The biggest rise has been in thefts of cocker spaniels, following an increase in popularity after the Duke and Duchess of Cambridge adopted a puppy, Lupo. 


Among high-profile victims is Sheridan Smith, the actress, whose soar Pei, Enid, was twice stolen from her home in Crouch End, north London, although the animal was returned on both occasions after she made public appeals


----------



## rona (Aug 18, 2011)

..................................................


----------



## Old Shep (Oct 17, 2010)

There's a lot of rubbish written in the papers about so called "dog napping".

Just engaging your brain for a few minutes will help you dispel the notion that there are gangs of (insert name of current Daily Mail whipping boy) running around th country stealing dogs.

Load of old codswallop.


----------



## Quinzell (Mar 14, 2011)

Whilst I totally agree that the papers make up a load of complete tosh and adjust the headlines to make sales, I seem to be hearing about dog thefts so much more lately 

Maybe its just that more people are aware of the power of social media to reunite


----------



## jaycee05 (Sep 24, 2012)

Old Shep said:


> There's a lot of rubbish written in the papers about so called "dog napping".
> 
> Just engaging your brain for a few minutes will help you dispel the notion that there are gangs of (insert name of current Daily Mail whipping boy) running around th country stealing dogs.
> 
> Load of old codswallop.


Dont really understand why you are denying this happens when its in the news all the time, dogs even being stolen as people walked them etc


----------



## lilythepink (Jul 24, 2013)

Dogs and puppies command such high prices . It makes sense to not leave them unattended and vulnerable.

I have heard of dogs going missing locally, maybe 4 over the last 12 months or so but I think also some do get lost especially in rural areas or areas where they don't know.

Local puppy farmer had a full litter of chis stolen this year...Don't know if he could be insured against this type of theft or not but I didn't believe it when I read it in the local paper..which isn't the DM.

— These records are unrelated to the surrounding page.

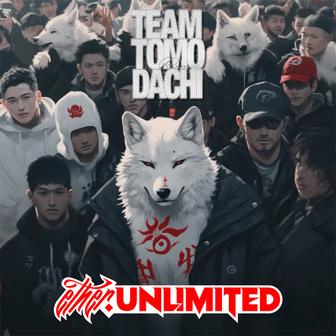 Team Tomodachi (Remix)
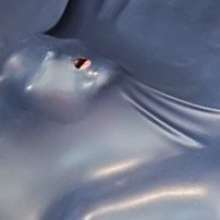 StayMessyYall aka Xan: Like being submerged in drying glue--Wam-coded sensations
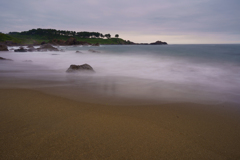 中須賀海岸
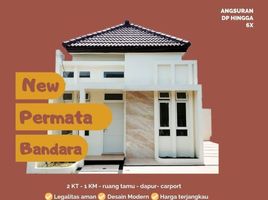 2 Bedroom House for sale in Bumiaji, Malang Regency, Bumiaji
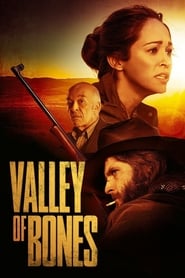 Valley of Bones постер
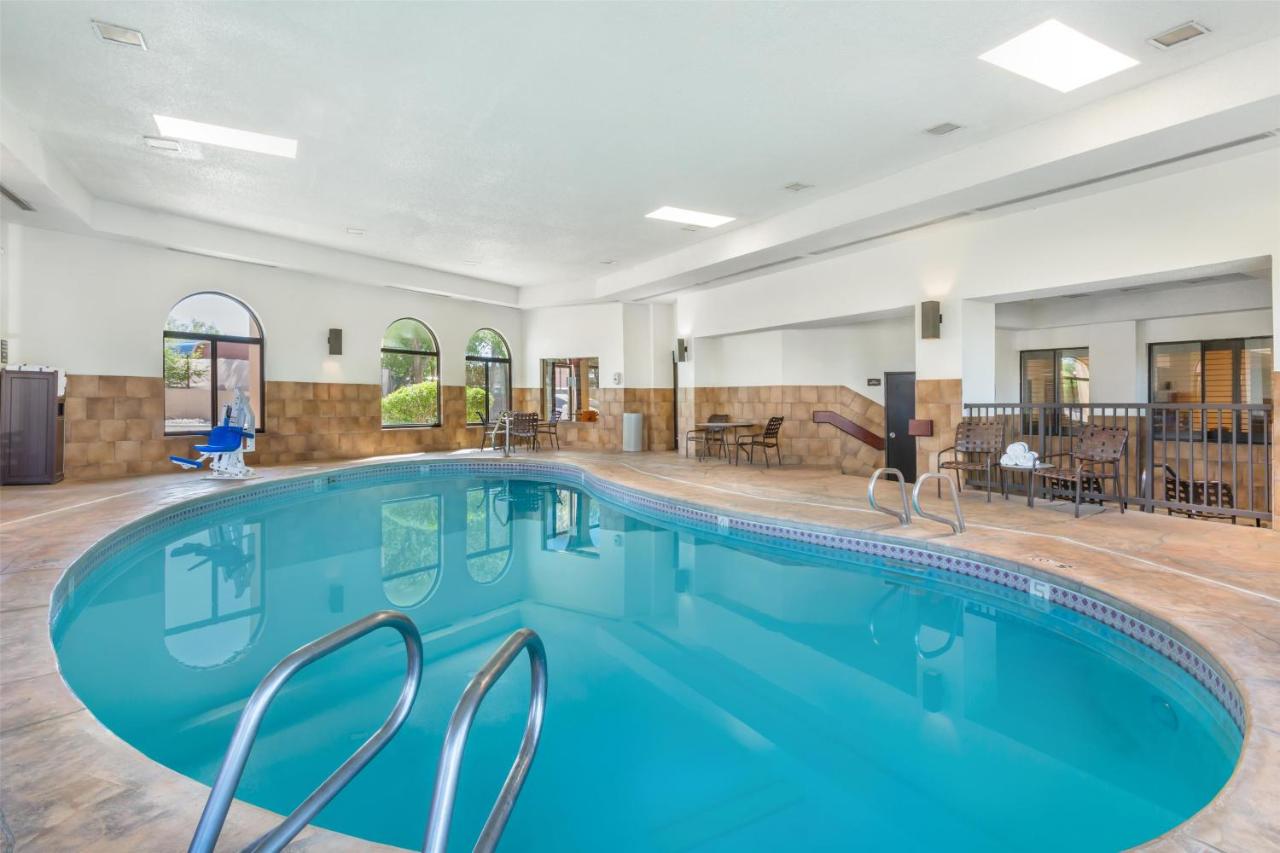 | Best Western Plus Inn of Santa Fe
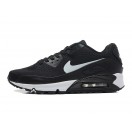 Nike Air Max 90 Premium EM Chaussures Pour Homme Nior/Blanc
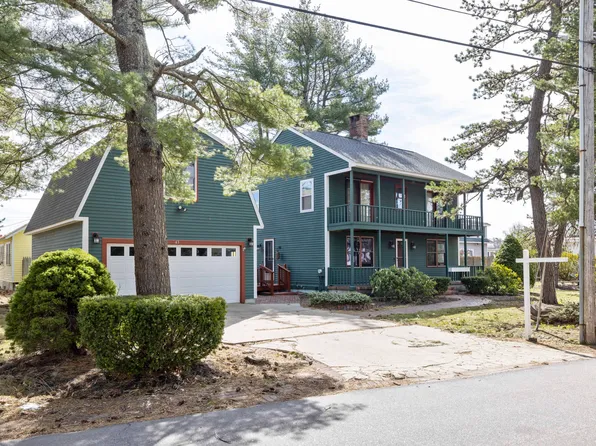 43 Camp Ellis Avenue, Saco, ME 04072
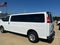 2024 Chevrolet Express Passenger 3500 1LT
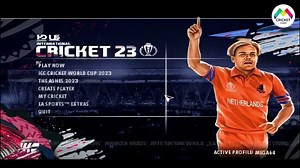 International Cricket 2023 Reboot Patch for EA Cricket 07 Now Released. Download Link https://megacricketstudio.blogspot.com/2023/09/international-cricket-2023-reboot-patch.html How to Download & Install International Cricket 2023 Reboot Patch https://youtu.be/GQXnLXfi9dE Developed by United StudioZ x HD StudioZ. A brand new Cricket game of 2023. International Cricket 2023 Reboot Patch for EA Cricket 07 International Cricket 2023 Reboot Patch Official Teaser https://www.youtube.com/watch?v=HO6VH
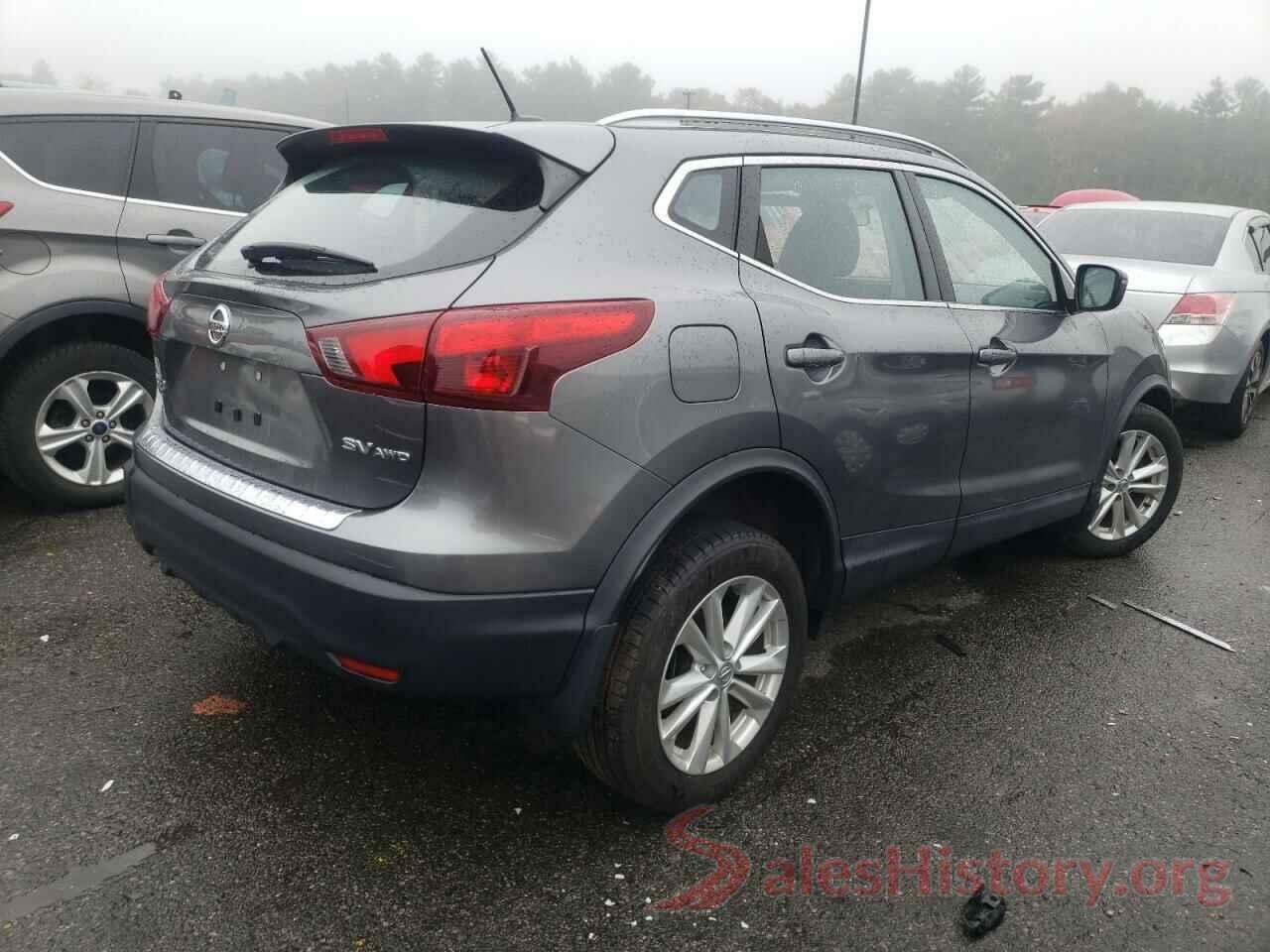 JN1BJ1CR1HW121914 2017 NISSAN ROGUE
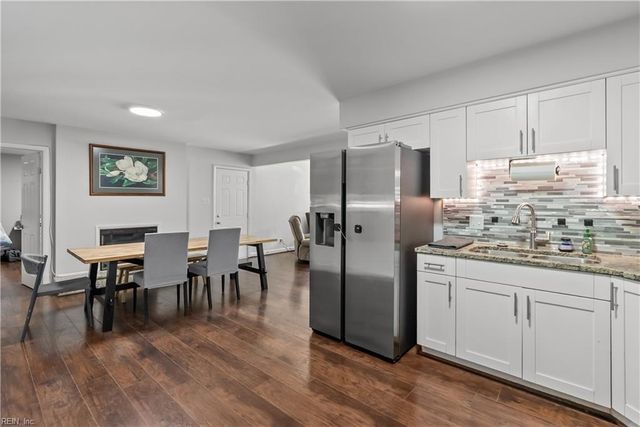 624 Rock DR, Chesapeake, VA 23323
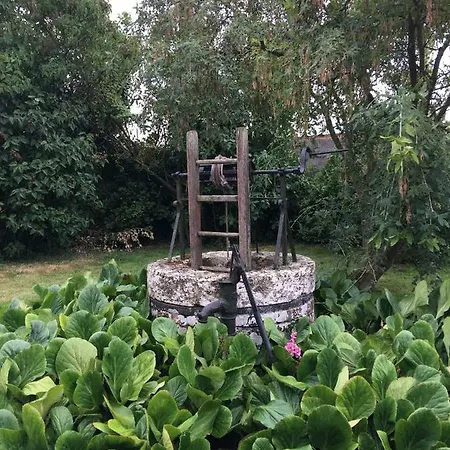 La Maison D'helene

Last New Years Eve we had a lovely young black lab boy wander into our yard. I put him in a crate and rang the local police to say we had him. Early next morning his owner came round for him. She lives about 2 miles as the crow flies from my house over much rough ground and even a stream.


----------



## jaycee05 (Sep 24, 2012)

I cant believe with all these dog thefts going on, why people * STILL* leave dogs and puppies especially in gardens on their own, 2 fairly recent thefts fairly local to me were a 11 week old Yorkie, and an 11 week old staffie, in a garden on their own, ridiculous at that age


----------



## mickyb (Oct 31, 2008)

Old Shep have you got your eyes and ears closed as to what is happening around you, just listen to the news, and instead of silly comments, Do something practical like going on to doglost and helping them to find dogs that are lost and stolen, and by the way, the 75 dogs rescued from the travellers site I put on were from the police not any newspaper


----------